Overview

Chronic Pain Risk Associated With Menstrual Period Pain

Status:
Recruiting

Trial end date:
2025-09-01

Target enrollment:
0

Participant gender:
Female

Summary

The purpose of this study is to determine if some women with dysmenorrhea (painful periods) are at higher future risk of developing chronic pelvic pain (CPP) and if oral contraceptives (OC) can be used to reverse this chronic pain risk. Investigators will examine whether dysmenorrhea produces CPP via repetitive cross organ sensitization (COS) episodes.

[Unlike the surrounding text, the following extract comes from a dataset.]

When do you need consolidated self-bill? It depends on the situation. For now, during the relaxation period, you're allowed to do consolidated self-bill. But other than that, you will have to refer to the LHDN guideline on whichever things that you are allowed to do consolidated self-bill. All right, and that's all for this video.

The use of cyclical OCs to eliminate dysmenorrhea is expected to reduce COS and decrease the risk of developing CPP.

Phase:

Phase 4

Accepts Healthy Volunteers?

Accepts Healthy Volunteers

Details

Lead Sponsor:

NorthShore University HealthSystem
NorthShore University HealthSystem Research Institute

Collaborators:

National Institute of Diabetes and Digestive and Kidney Diseases (NIDDK)
National Institutes of Health (NIH)

Treatments:

Norethindrone acetate, ethinyl estradiol, ferrous fumarate drug combination

Criteria

Inclusion Criteria:

All

- Reproductive age women (18-45)

For dysmenorrhea and D+COS group only:

- Participants must have had regular (22-45 day) menstrual cycles over at least a two
month period preceding testing

Exclusion Criteria:

All

- presence of active pelvic or abdominal malignancies (primary or metastatic)

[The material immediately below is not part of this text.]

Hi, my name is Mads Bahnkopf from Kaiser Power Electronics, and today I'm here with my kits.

- active genitourinary infection in the last four weeks

- unable to read or comprehend the informed consent in English

- unwilling to undergo pelvic examination/testing

- presence of hypertension or risk for developing hypertension, and

For dysmenorrhea and D+COS group only:

- absence of regular menses (including current pregnancy, recent pregnancy, or active
breast feeding) unwilling to take either cyclic or combined OCs

- unwilling to withdraw from OCs for two months prior to the Aim #1 study visit.